The title seems fairly clearcut but, according to M-Street resident and author C.W. Smith, the book is not exactly a “how-to” guide for the single male.
“It’s a coming-of-age story,” he says. “It’s set in southern New Mexico and the main character is a teenager from Dallas who travels there to work for his uncle one summer. “As soon as he gets there, he discovers his uncle and aunt are estranged. He then meets his uncle’s mistress and her cousin and gets caught in the middle of the warring factions of his family.
“The story’s really about him trying to figure out what goes on between men and women and it’s tempered by a lot of the expectations in the 1950s. Like what was expected from women and how women should behave, the penalties for not behaving that way.”
The book, which was released last year, recently received the Jesse H. Jones prize for Best Novel from the Texas Institute of Letters. Past recipients of the honor include Larry McMurtry and Cormac McCarthy, and Smith himself.
This is the eighth novel by the 59-year-old SMU English professor, whose first book won the Jones award over 25 years ago.
Understanding Women is the only of Smith’s novels to reference the city of Dallas. Most of his stories take place in the Southwest; Smith himself is a New Mexico native. His next book, however, will be set here in the community, which makes things a little easier in terms of factual references.
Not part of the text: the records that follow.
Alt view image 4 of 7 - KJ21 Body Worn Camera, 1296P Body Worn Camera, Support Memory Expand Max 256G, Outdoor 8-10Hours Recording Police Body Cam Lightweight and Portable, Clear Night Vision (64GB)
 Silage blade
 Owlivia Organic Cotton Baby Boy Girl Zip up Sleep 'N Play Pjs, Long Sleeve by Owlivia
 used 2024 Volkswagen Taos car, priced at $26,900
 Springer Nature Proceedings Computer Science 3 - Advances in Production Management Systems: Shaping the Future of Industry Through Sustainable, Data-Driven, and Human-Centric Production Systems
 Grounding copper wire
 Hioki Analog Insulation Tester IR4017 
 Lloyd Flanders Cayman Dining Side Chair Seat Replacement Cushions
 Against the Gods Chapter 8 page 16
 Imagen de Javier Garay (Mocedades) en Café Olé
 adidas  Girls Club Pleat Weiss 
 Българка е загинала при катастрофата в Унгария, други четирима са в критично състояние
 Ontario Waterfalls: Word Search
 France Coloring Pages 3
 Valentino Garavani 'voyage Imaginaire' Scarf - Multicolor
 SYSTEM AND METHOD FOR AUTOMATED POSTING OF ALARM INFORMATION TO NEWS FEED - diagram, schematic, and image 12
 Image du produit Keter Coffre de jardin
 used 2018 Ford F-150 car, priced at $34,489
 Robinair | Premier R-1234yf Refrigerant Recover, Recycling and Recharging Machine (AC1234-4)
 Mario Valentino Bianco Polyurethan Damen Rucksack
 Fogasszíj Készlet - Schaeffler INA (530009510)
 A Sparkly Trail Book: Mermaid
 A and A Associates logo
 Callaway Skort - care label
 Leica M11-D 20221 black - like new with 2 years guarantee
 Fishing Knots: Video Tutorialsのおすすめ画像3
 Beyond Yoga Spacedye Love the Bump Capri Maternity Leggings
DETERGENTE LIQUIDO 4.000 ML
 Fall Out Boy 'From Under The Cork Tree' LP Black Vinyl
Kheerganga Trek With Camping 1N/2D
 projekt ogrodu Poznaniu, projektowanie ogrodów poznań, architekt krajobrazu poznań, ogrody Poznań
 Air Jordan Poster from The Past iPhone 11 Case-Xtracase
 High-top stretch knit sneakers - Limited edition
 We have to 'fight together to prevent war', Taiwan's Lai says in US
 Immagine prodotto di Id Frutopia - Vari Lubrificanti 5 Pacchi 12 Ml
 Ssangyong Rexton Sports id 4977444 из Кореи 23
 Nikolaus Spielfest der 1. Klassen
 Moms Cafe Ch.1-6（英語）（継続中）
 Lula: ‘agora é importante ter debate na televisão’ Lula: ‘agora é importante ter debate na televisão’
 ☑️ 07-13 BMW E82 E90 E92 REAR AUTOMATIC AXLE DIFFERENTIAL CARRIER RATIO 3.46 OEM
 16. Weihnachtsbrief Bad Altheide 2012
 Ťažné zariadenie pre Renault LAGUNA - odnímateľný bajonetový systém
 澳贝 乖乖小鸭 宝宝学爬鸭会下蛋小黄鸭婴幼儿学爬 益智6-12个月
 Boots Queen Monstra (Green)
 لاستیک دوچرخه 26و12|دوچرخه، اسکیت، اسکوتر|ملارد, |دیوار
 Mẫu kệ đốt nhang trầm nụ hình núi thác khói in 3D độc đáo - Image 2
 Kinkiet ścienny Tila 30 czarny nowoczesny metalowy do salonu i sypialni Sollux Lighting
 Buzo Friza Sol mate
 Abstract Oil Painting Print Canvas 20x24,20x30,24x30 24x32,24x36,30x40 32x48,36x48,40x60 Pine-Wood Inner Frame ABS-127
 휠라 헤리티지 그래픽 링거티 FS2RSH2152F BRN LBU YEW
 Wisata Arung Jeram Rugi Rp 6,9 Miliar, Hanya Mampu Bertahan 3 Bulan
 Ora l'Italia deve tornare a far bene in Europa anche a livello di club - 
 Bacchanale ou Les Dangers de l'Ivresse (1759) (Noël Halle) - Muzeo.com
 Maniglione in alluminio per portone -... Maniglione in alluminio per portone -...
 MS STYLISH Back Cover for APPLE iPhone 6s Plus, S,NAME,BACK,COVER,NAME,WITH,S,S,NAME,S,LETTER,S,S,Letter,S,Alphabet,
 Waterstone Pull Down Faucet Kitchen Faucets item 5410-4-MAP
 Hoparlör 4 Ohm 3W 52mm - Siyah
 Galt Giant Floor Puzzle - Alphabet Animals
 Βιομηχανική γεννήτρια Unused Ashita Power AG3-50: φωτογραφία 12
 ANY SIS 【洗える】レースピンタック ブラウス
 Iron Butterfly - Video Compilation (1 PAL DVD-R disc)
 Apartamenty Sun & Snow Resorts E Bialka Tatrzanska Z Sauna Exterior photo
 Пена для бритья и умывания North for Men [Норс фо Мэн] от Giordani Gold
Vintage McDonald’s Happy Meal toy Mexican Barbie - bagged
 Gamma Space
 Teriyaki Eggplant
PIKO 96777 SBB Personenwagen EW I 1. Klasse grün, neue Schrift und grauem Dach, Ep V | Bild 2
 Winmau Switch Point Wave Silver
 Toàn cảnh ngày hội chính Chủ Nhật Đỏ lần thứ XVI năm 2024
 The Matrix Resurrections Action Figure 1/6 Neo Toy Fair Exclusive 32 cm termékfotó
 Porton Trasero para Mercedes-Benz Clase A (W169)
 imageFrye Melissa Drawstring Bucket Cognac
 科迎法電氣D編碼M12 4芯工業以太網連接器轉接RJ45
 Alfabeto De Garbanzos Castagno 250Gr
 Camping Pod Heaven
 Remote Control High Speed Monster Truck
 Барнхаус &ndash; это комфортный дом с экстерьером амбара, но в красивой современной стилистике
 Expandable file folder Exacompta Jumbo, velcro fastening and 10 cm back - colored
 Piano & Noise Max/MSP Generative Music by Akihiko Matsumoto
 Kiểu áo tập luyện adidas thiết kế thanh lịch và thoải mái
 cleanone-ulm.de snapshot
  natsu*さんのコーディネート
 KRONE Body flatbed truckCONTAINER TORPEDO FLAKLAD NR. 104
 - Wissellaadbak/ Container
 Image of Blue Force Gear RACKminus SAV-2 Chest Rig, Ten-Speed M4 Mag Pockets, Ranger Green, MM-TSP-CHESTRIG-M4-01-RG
“The best thing about that is that you have everything at your fingertips,” he says. “It’s going to be a contemporary story. And even though things have changed around here since 1990, I still remember when some places were on a certain corner and what was here and what wasn’t. Doing the basic reality-based details has been a lot easier than in my other books.”
Smith migrated to Texas to attend college at North Texas State. After graduating, he left the state for 15 years, then returned to Dallas. His writing career began with a stint as reporter and movie critic for the Dallas Times Herald. He also wrote articles for numerous notable publications including Esquire, The Utne Reader, D Magazine, Atlanta, TV Guide and Texas Monthly.
Smith says that fiction writing has always been his true passion and it took a while to finally achieve that goal on a professional level. The biggest challenge was making enough money to leave behind his journalism career and pursue writing novels full-time.
“Don’t get me wrong, I didn’t hate journalism,” he says. “But my real love is writing fiction. I learned a lot of things as a journalist and I enjoyed the time I did it, but didn’t want to do it beyond the time that career ended for me.
“I think it was also how much I ended up working. I worked for a newspaper that’s no longer in existence (the Herald). At the time, the staff got smaller and smaller and the workload got bigger and bigger. I was writing so much every week that I got swamped.”
While he admits that the change of atmosphere is nice, he says that it hasn’t necessarily impacted his creativity. He does, however, have some words of wisdom to aspiring scribes everywhere.
“Read good literature,” says Smith. “Try to recreate the effect that you appreciate and you enjoy.”